In [1]:
import pandas as pd
import torch
from torch.utils.data import DataLoader, TensorDataset
from sklearn.model_selection import train_test_split
from sklearn.preprocessing import StandardScaler, MinMaxScaler, OneHotEncoder
from sklearn.compose import ColumnTransformer
from sklearn.pipeline import Pipeline
from torch import nn, optim

df = pd.read_csv('./online_shoppers_intention.csv')
df

Unnamed: 0,Administrative,Administrative_Duration,Informational,Informational_Duration,ProductRelated,ProductRelated_Duration,BounceRates,ExitRates,PageValues,SpecialDay,Month,OperatingSystems,Browser,Region,TrafficType,VisitorType,Weekend,Revenue
0,0,0.0,0,0.0,1,0.000000,0.200000,0.200000,0.000000,0.0,Feb,1,1,1,1,Returning_Visitor,False,False
1,0,0.0,0,0.0,2,64.000000,0.000000,0.100000,0.000000,0.0,Feb,2,2,1,2,Returning_Visitor,False,False
2,0,0.0,0,0.0,1,0.000000,0.200000,0.200000,0.000000,0.0,Feb,4,1,9,3,Returning_Visitor,False,False
3,0,0.0,0,0.0,2,2.666667,0.050000,0.140000,0.000000,0.0,Feb,3,2,2,4,Returning_Visitor,False,False
4,0,0.0,0,0.0,10,627.500000,0.020000,0.050000,0.000000,0.0,Feb,3,3,1,4,Returning_Visitor,True,False
...,...,...,...,...,...,...,...,...,...,...,...,...,...,...,...,...,...,...
12325,3,145.0,0,0.0,53,1783.791667,0.007143,0.029031,12.241717,0.0,Dec,4,6,1,1,Returning_Visitor,True,False
12326,0,0.0,0,0.0,5,465.750000,0.000000,0.021333,0.000000,0.0,Nov,3,2,1,8,Returning_Visitor,True,False
12327,0,0.0,0,0.0,6,184.250000,0.083333,0.086667,0.000000,0.0,Nov,3,2,1,13,Returning_Visitor,True,False
12328,4,75.0,0,0.0,15,346.000000,0.000000,0.021053,0.000000,0.0,Nov,2,2,3,11,Returning_Visitor,False,False


In [5]:
categorical_features = ['OperatingSystems', 'Browser', 'Region', 'TrafficType', 'VisitorType', 'Weekend', 'Month']
numerical_features = ['Administrative', 'Administrative_Duration', 'Informational', 'Informational_Duration', 'ProductRelated', 'ProductRelated_Duration', 'BounceRates', 'ExitRates', 'PageValues', 'SpecialDay']

transformers = [
    ('one_hot', OneHotEncoder(), categorical_features),
    ('scale', MinMaxScaler(), numerical_features) 
]

preprocessor = ColumnTransformer(transformers=transformers)
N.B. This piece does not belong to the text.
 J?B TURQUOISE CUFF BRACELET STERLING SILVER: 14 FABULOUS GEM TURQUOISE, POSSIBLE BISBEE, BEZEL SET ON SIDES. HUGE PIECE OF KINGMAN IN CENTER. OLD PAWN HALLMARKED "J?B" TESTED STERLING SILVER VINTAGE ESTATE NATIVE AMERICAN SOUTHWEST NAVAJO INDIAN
x = df.drop('Revenue', axis=1)
y = df['Revenue'].astype(int)

x_preproc = preprocessor.fit_transform(x)

x_train, x_test, y_train, y_test = train_test_split(x_preproc, y, test_size=0.2, random_state=42)
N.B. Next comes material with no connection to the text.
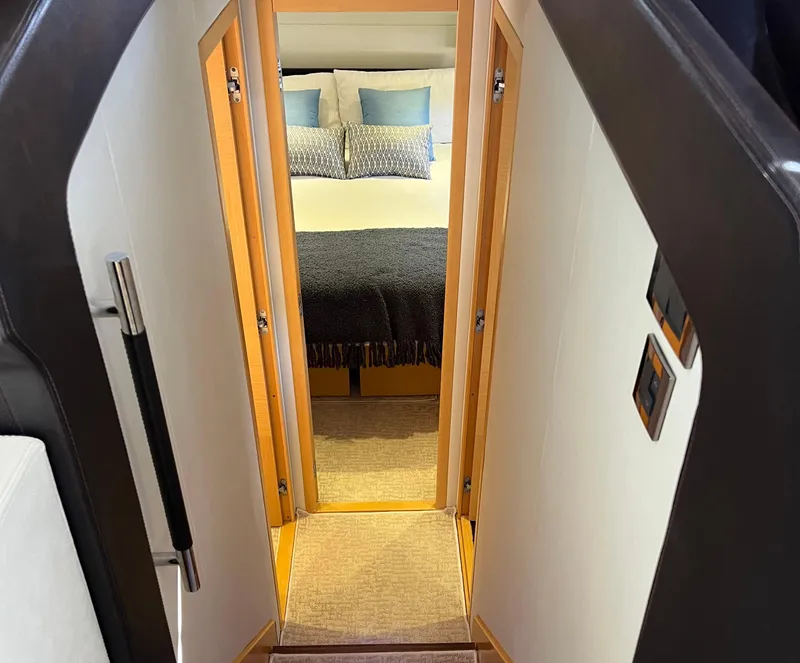 Slide: The Image of Interior view of a 2013 Prestige 500 S yacht bedroom with modern decor. - 11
scaler = StandardScaler(with_mean=False)
x_train_scaled = scaler.fit_transform(x_train)
x_test_scaled = scaler.transform(x_test)

# Transfer from pandas to pytorch
x_train_tensor = torch.FloatTensor(x_train_scaled.toarray())
x_test_tensor = torch.FloatTensor(x_test_scaled.toarray())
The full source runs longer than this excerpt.